Last night, you woke to find
her tucked into your body.

It feels like the first approach
every time. You practice love.
You practice solitude.

You practice bills and loss,
gratitude and vice.
You floss after a gingivitis

scare. You pedal harder
against old demons to Cardi
B and Ed Sheeran in a studio

so dark you can’t see
your hands, while a lovely
Schitts Creek fan in emerald

tights and an earnest t
shouts you are stronger,
you are stronger every day.

What goofy cheese sauce.
And what goofy generosity
of spirit. The cat sleeps

in her new perch with her
orange ears tucked into
her orange feet. You end it

with a lovely person. You feel
very little. You get up to try
each day yet again.

The changes rise through us
like mint through mulch.
They will overcome us all

because change gives you
everything before
it gives you nothing.

Keep dealing me in then,
goddess, for another turn.

Poem 2 / Day 2

The Dean of Students Tells a Story / by Maggie Rue Hess

that starts with lost keys.

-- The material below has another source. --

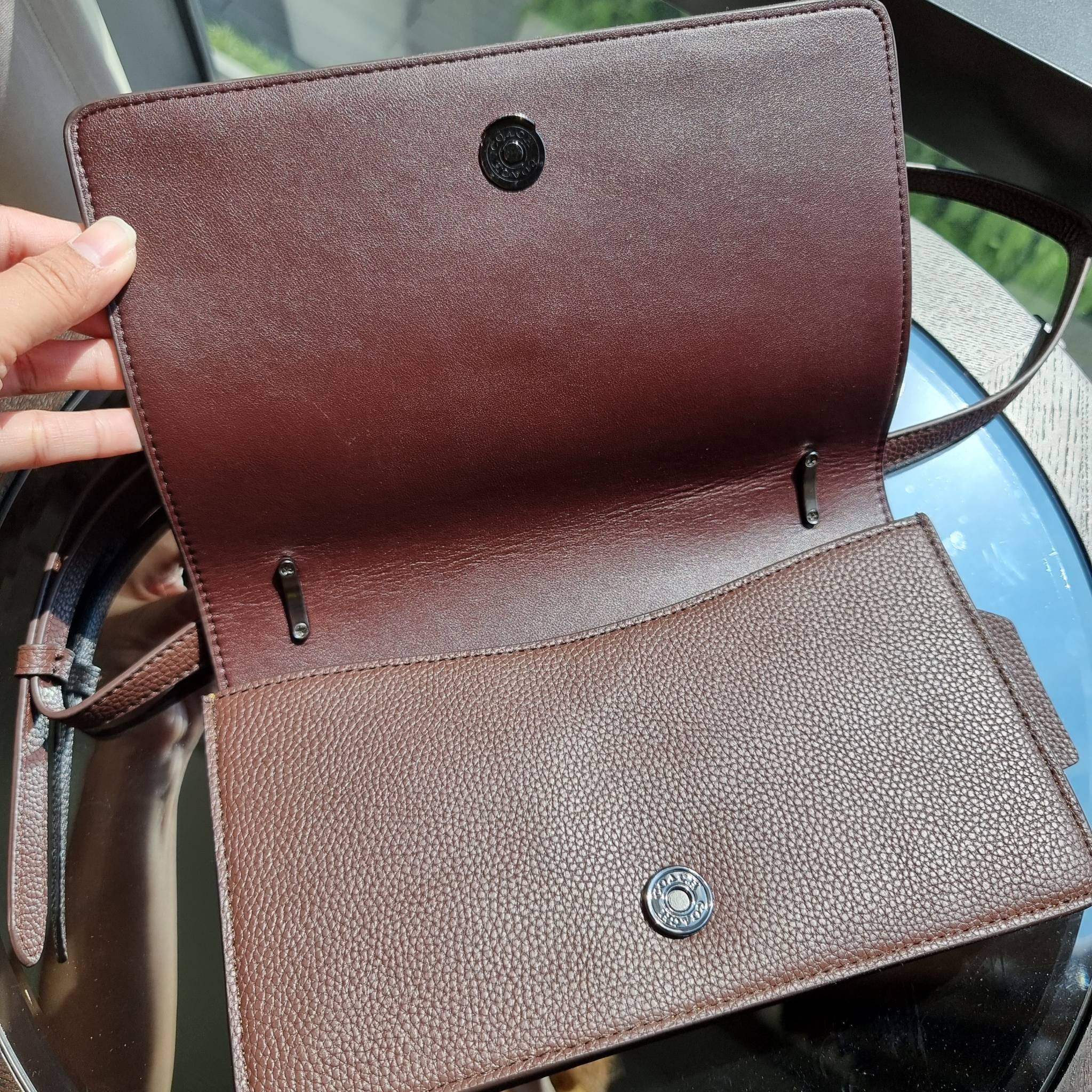 OUTLET 】COACH 88343 CAMILLE CROSSBODY WITH HORSE AND CARRIAGE PRINT AND ARCHIVE PATCH คอลเลคชั่นหายาก ที่สาวๆตั้งตารอ!! ด้วยดีไซน์ลุคผู้ดี ตกแต่งลวดลายออกมาดูโดดเด่น กับกระเป๋าสะพายที่ปรับใช้ได้หลายหลายสไตล์ สะพายไหล่สายคู่ สะพายข้างสายเดี่ยว หรือจะเอาสาย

They are always lost.
To open her office, the school – yes, the master keys –
have drifted through her hands and this building more than
the most frequent delinquent. But this time the keys unlock

a safety deposit box in a bank in Arizona, one that formerly belonged
to an old flame (and not her only one). Now his son
needs them and they’re lost because – she begins to explain –
the critter in the attic is keeping her up all hours.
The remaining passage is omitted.